▶ _DATA EXTRACTS_
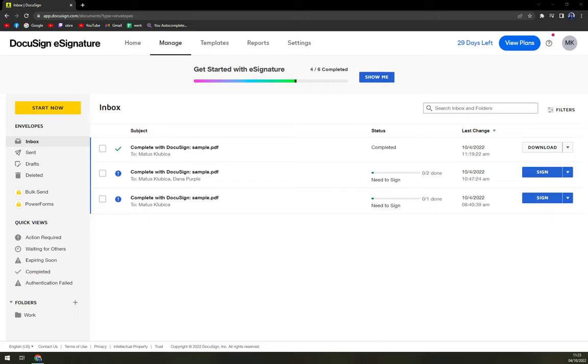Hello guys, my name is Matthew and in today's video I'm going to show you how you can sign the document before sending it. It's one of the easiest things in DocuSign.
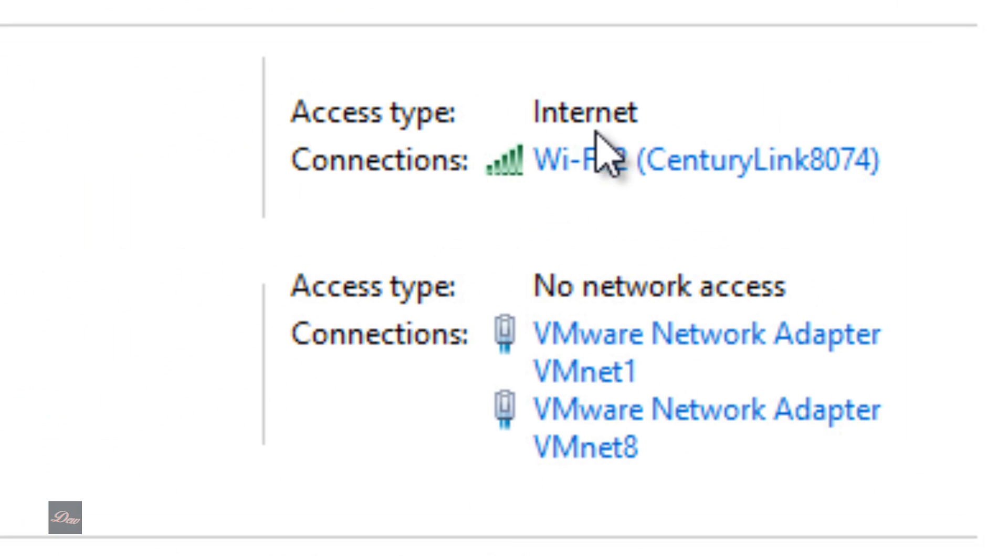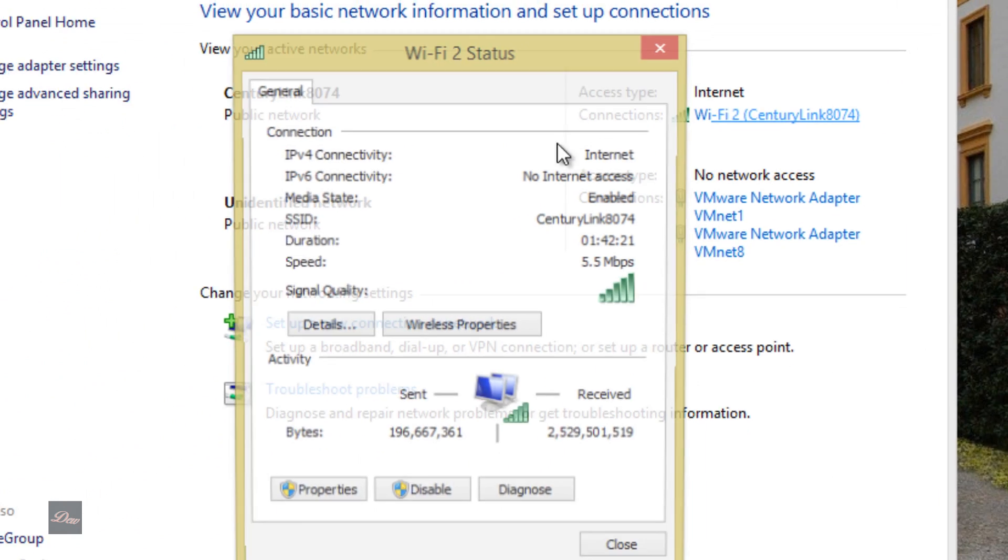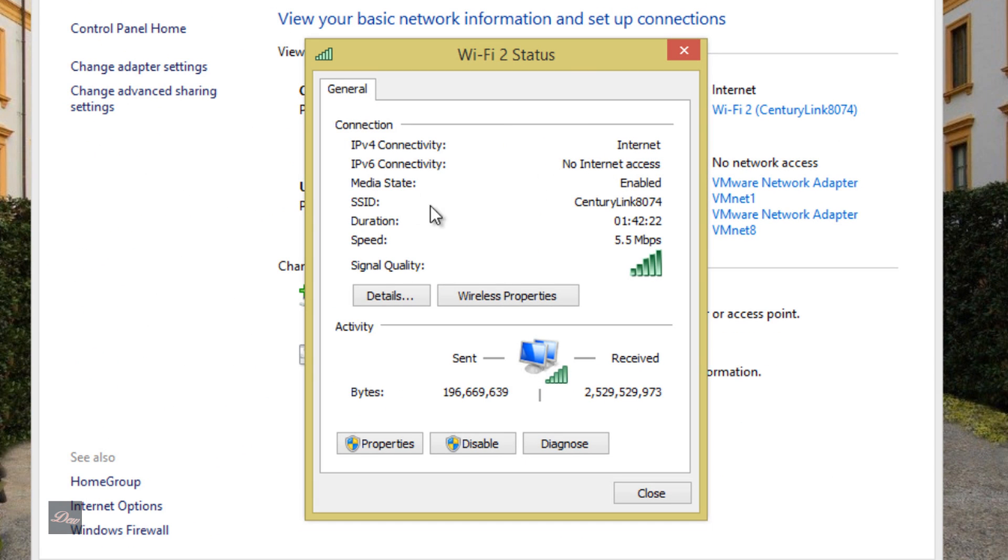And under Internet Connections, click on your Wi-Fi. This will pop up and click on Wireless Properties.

---

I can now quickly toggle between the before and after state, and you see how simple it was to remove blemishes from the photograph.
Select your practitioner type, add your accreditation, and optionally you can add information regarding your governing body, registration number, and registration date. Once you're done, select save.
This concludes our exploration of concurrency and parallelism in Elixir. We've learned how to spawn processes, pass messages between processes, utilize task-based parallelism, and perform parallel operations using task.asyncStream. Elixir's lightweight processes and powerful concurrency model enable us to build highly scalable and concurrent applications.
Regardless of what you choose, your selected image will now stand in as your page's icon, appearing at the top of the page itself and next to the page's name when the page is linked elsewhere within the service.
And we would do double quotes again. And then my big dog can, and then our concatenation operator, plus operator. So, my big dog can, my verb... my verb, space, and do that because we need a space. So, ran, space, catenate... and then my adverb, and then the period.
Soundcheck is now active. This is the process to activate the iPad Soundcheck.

▶ _TASK STATEMENT_
Once you find the line with "I can now quickly" above, print it and every line after it up to and including the line with "Soundcheck is now", exactly as written and nothing else.

▶ _RESULT FOR THIS EXERCISE_
I can now quickly toggle between the before and after state, and you see how simple it was to remove blemishes from the photograph.
Select your practitioner type, add your accreditation, and optionally you can add information regarding your governing body, registration number, and registration date. Once you're done, select save.
This concludes our exploration of concurrency and parallelism in Elixir. We've learned how to spawn processes, pass messages between processes, utilize task-based parallelism, and perform parallel operations using task.asyncStream. Elixir's lightweight processes and powerful concurrency model enable us to build highly scalable and concurrent applications.
Regardless of what you choose, your selected image will now stand in as your page's icon, appearing at the top of the page itself and next to the page's name when the page is linked elsewhere within the service.
And we would do double quotes again. And then my big dog can, and then our concatenation operator, plus operator. So, my big dog can, my verb... my verb, space, and do that because we need a space. So, ran, space, catenate... and then my adverb, and then the period.
Soundcheck is now active. This is the process to activate the iPad Soundcheck.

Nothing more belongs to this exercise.